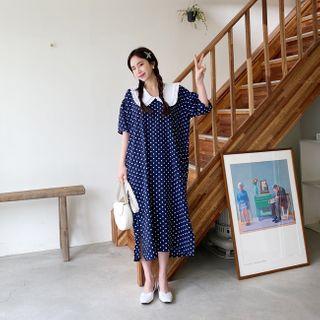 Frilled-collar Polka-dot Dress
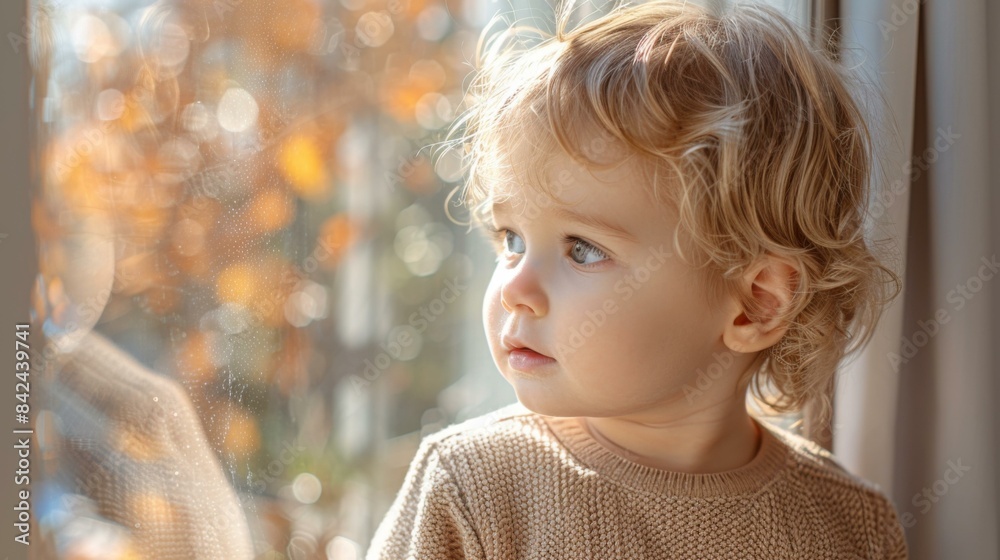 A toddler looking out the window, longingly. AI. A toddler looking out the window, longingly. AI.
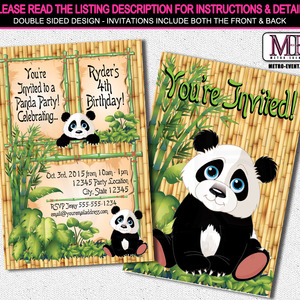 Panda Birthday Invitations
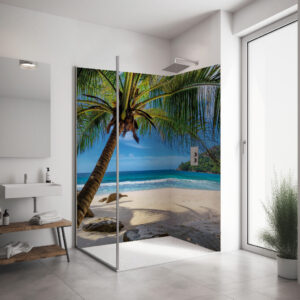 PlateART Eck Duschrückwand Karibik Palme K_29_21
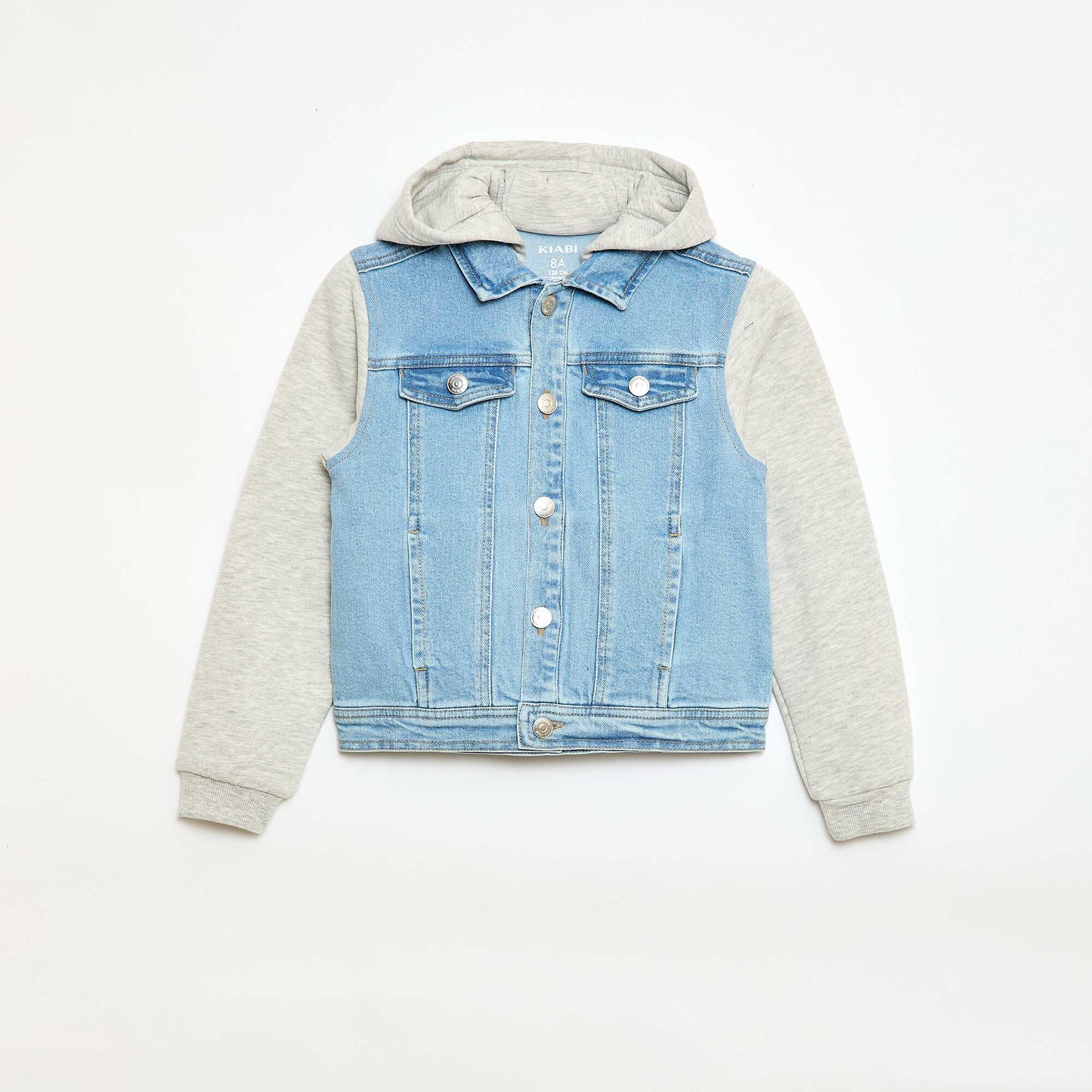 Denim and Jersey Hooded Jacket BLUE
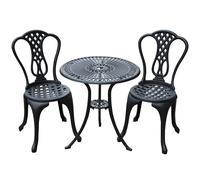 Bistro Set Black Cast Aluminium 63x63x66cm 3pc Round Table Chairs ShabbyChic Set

* Exercise instructions *
Return all of the entries word for word, but omit the pictures.

* Response area *
 Frilled-collar Polka-dot Dress
 A toddler looking out the window, longingly. AI. A toddler looking out the window, longingly. AI.
 Panda Birthday Invitations
 PlateART Eck Duschrückwand Karibik Palme K_29_21
 Denim and Jersey Hooded Jacket BLUE
 Bistro Set Black Cast Aluminium 63x63x66cm 3pc Round Table Chairs ShabbyChic Set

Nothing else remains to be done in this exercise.